> _Problem statement_
Omit every picture while repeating the entries exactly.

> _Information_
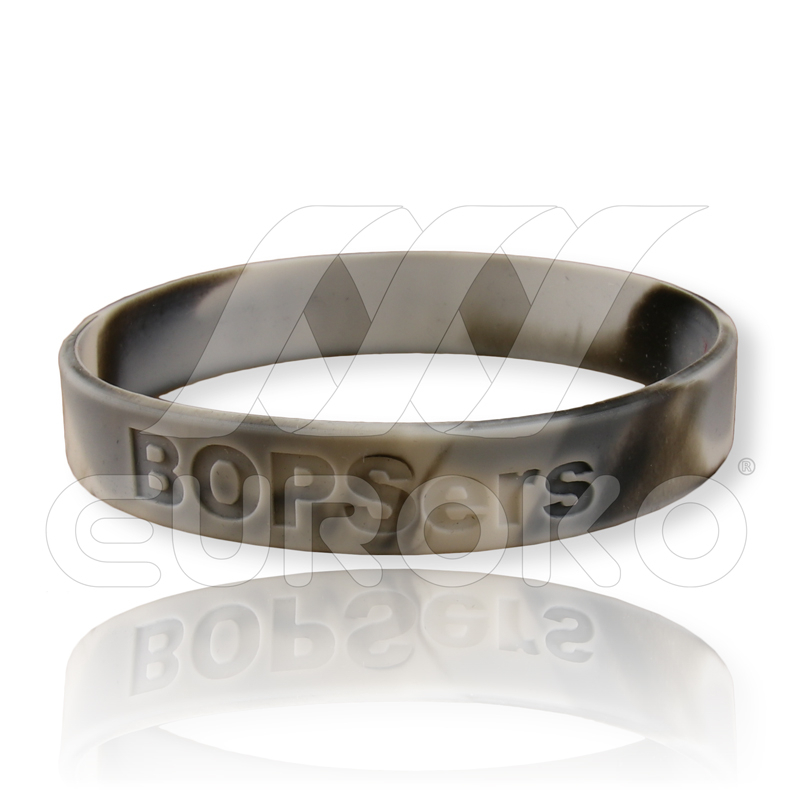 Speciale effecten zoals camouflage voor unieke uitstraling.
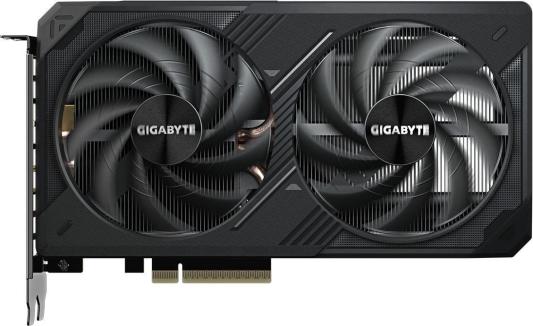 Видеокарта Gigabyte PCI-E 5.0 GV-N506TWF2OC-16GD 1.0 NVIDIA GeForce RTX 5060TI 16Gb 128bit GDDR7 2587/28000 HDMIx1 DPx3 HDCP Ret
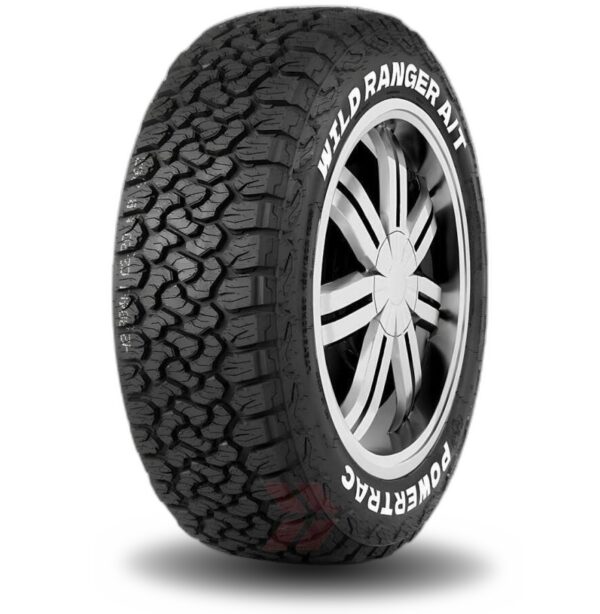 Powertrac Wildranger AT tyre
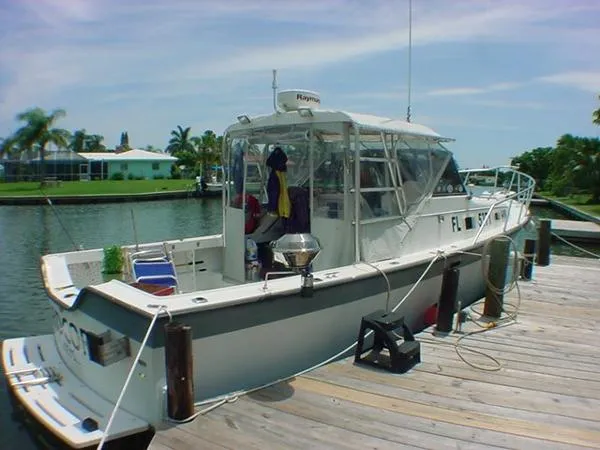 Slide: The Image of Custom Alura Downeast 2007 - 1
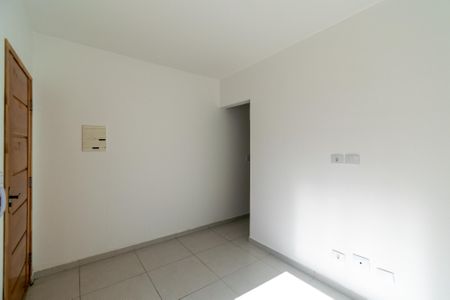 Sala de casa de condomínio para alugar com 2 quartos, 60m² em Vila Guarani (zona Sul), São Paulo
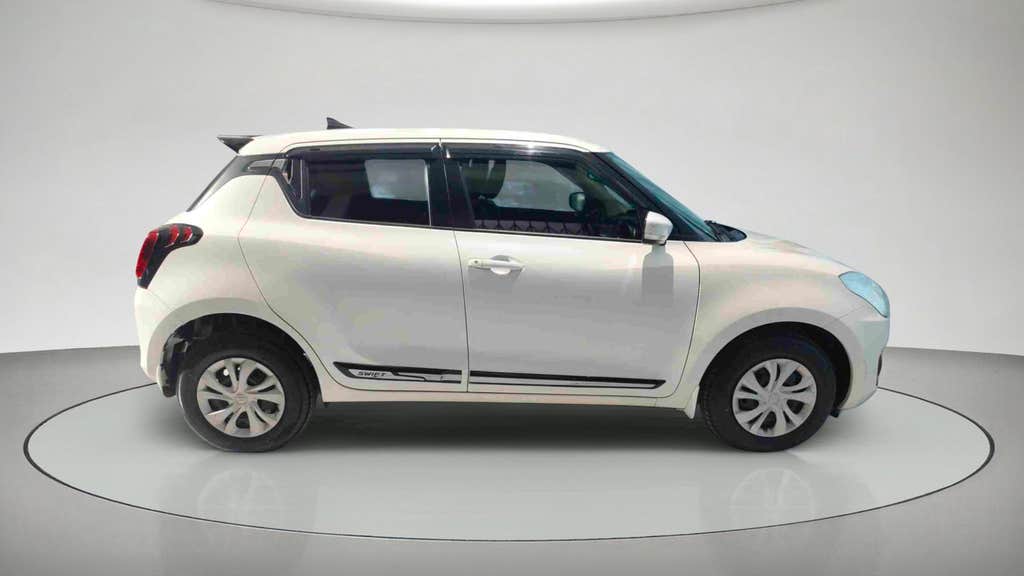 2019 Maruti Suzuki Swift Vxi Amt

> _Task solution_
 Speciale effecten zoals camouflage voor unieke uitstraling.
 Видеокарта Gigabyte PCI-E 5.0 GV-N506TWF2OC-16GD 1.0 NVIDIA GeForce RTX 5060TI 16Gb 128bit GDDR7 2587/28000 HDMIx1 DPx3 HDCP Ret
 Powertrac Wildranger AT tyre
 Slide: The Image of Custom Alura Downeast 2007 - 1
 Sala de casa de condomínio para alugar com 2 quartos, 60m² em Vila Guarani (zona Sul), São Paulo
 2019 Maruti Suzuki Swift Vxi Amt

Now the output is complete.